I'm not talking about missing characters or puzzle 66, I'm talking about a way to determine last characters of a private key by working with points.

Ok.

I'm working on Kangaroo Twimi algorithm on  hash160.
I don't know if it will work, but this is an idea.
It uses two EC_POINT objects (K and W) and iteratively moves them around the elliptic curve by adding random steps until they land on the same point.
When the Kangaroo and Wallaby points collide, the algorithm returns the discrete logarithm k.

Code:

bool kangarooTwimi(const EC_GROUP* group, const BIGNUM* order, BIGNUM* x, BIGNUM* result) {
    BIGNUM* k = BN_new();
    BIGNUM* k1 = BN_new();
    BIGNUM* k2 = BN_new();
    BIGNUM* x1 = BN_new();
    BIGNUM* x2 = BN_new();

    // Set k to a random value
    BN_rand_range(k, order);

    EC_POINT* G = EC_POINT_new(group);
    EC_POINT* kG = EC_POINT_new(group);
    EC_POINT* xG = EC_POINT_new(group); // Create an EC_POINT for x

    EC_POINT_mul(group, G, k, NULL, NULL, NULL); // G = k * G

    while (true) {
        EC_POINT_mul(group, kG, NULL, G, k, NULL); // kG = k * G

        // Use EC_POINT_mul to compute xG = x * G
        EC_POINT_mul(group, xG, NULL, NULL, x, NULL);

        // Extract affine coordinates
        EC_POINT_get_affine_coordinates_GFp(group, kG, k1, NULL, NULL);
        EC_POINT_get_affine_coordinates_GFp(group, xG, x1, NULL, NULL);

        if (BN_cmp(k1, x1) == 0) {
            BN_copy(result, k);
            BN_free(k);
            BN_free(k1);
            BN_free(k2);
            BN_free(x1);
            BN_free(x2);
            EC_POINT_free(G);
            EC_POINT_free(kG);
            EC_POINT_free(xG);
            return true;
        }

        BN_add(k, k, BN_value_one());
    }
}

rest is similiar as Bytea HASH160 Search from here :
https://bitcointalk.org/index.php?topic=1306983.msg63029958#msg63029958

100% OpenSSL code...

[digaran]

Main question is, how can we guess the first few digits? If even if we guess the 4 first digits correctly, the fifth digit would cause a problem if we make a mistake.

sincerely i have not investigated much in this technique, due to lack of time.
I only know that dividing by 5 with this technique, you will not worry about floating numbers.
I have applied the technique in 2 rounds and everything seems to be on the right track.
honestly do not know how many rounds are possible, but in my opinion it is a good idea.
........
we obtain.
target=1185429467683753
  R=      545429467683753

Will this work with your script of dividing by 3 you have posted before? Or do you have a script for this one as well?

Ok.
I'm working on Kangaroo Twimi algorithm on  hash160.
I don't know if it will work, but this is an idea.
It uses two EC_POINT objects (K and W) and iteratively moves them around the elliptic curve by adding random steps until they land on the same point.
When the Kangaroo and Wallaby points collide, the algorithm returns the discrete logarithm k.
.....
 rest is similiar as Bytea HASH160 Search from here :
https://bitcointalk.org/index.php?topic=1306983.msg63029958#msg63029958

100% OpenSSL code...

I wish I knew anything about coding, I could give my opinion, but your idea is great, I can work on different values until I get a result, but could you also work on a scalar mod n script alone please?  I mean just scalar mod n, no EC involved, scratch that, I believe if you can write a script where it takes both scalar and points and does the magic on both but with the ability to output points for scalar results.  If you don't understand me, I will explain later, I'm in pain now for walking a lot today.😉

Anyone knows anything with more fire power than sage cell or google colab etc?
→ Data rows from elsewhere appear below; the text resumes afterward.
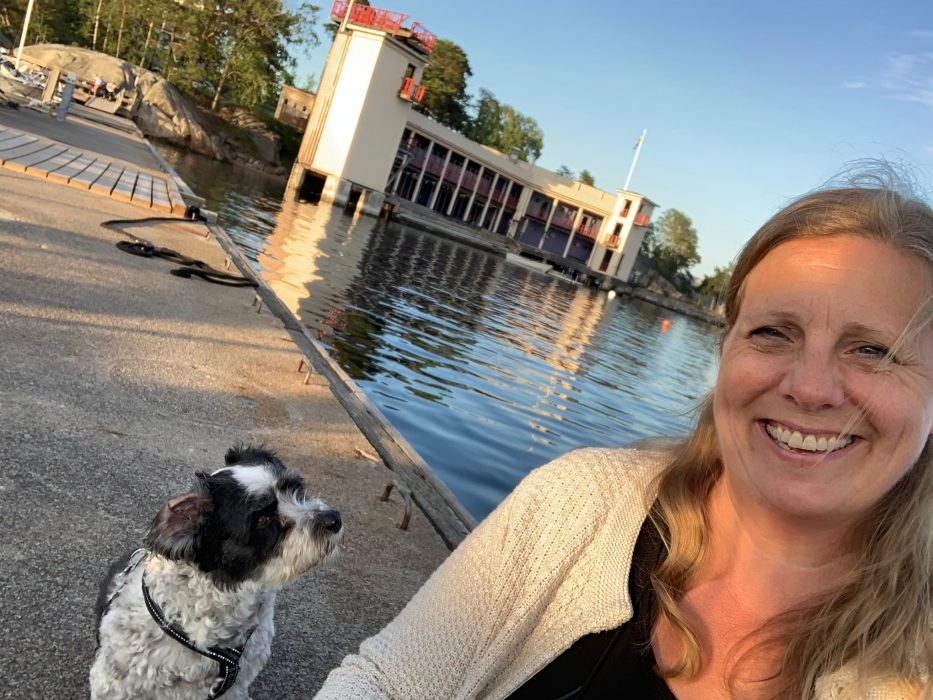 Om Försäkringskassan hade levt upp till sin vision om att skapa trygghet hade Lisa Sjöström blivit frisk snabbare, säger hon.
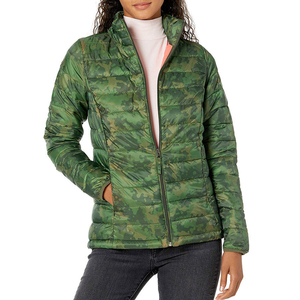 Chaqueta Acolchada de Alta Calidad al por Mayor con Impresión Personalizada de su Logotipo, Chaqueta de Invierno con Capucha Acolchada y Transpirable de Nailon para Mujer - Product Image 4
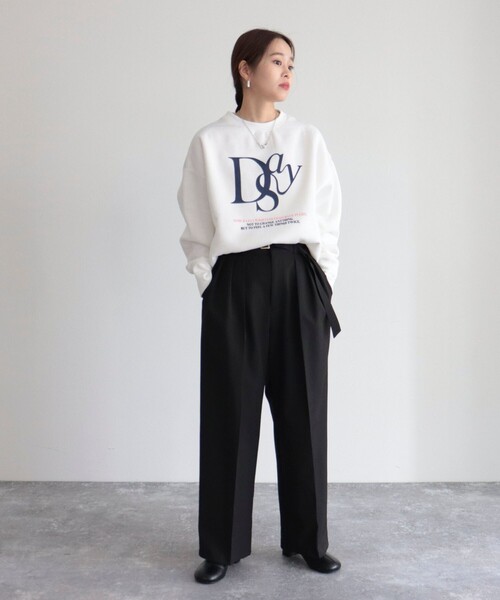 fredy emue（フレディエミュ）の「グラフィック裏起毛スウェット（スウェット・レディース・チャコールグレー/ライトグレー/オフホワイト・38）」の15枚目の写真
I'm running some scripts on them but they can't handle the load, I'm trying to find lambda and beta for different curve parameters, mapping points from secp256k1 to a 128 bit curve to see if it can be done.  
I was thinking, why there is no such infrastructure like sage cell, or Gcolab etc already available for blockchain/Bitcoin developers to use?
Should we all appeal to our beloved dragon to sponsor something like that?  I think if we all collectively ask nicely he will make it happen, right? 😉
[Digaran's note, consecutive posts merged due to another post being removed from between my posts.] 😉

[nomachine]

I wish I knew anything about coding

If you think realistically there are at least 10,000 programmers trying to solve the Puzzle 66 at the same time.
The result is visible on the blockchain:
https://www.blockchain.com/explorer/addresses/btc/13zb1hQbWVsc2S7ZTZnP2G4undNNpdh5so
They are helpless for now to solve any Puzzle from 66 and above  that does not have a Public Key displayed.
And if they have,  everything above 130 it is simply impossible to solve without huge investments that do not pay off.
So it doesn't really matter here if you know how to code or not. We are all equal in the face of an unsolvable problem.

Anyone knows anything with more fire power than sage cell or google colab etc? I'm running some scripts on them but they can't handle the load

Don't try to do that on shared services. Even if you have a large load on dedicated servers,  it can happen that you get banned from the same.

[AlanJohnson]

I wish I knew anything about coding

If you think realistically there are at least 10,000 programmers trying to solve the Puzzle 66 at the same time.
The result is visible on the blockchain:
https://www.blockchain.com/explorer/addresses/btc/13zb1hQbWVsc2S7ZTZnP2G4undNNpdh5so
They are helpless for now to solve any Puzzle from 66 and above  that does not have a Public Key displayed.
And if they have,  everything above 130 it is simply impossible to solve without huge investments that do not pay off.
So it doesn't really matter here if you know how to code or not. We are all equal in the face of an unsolvable problem.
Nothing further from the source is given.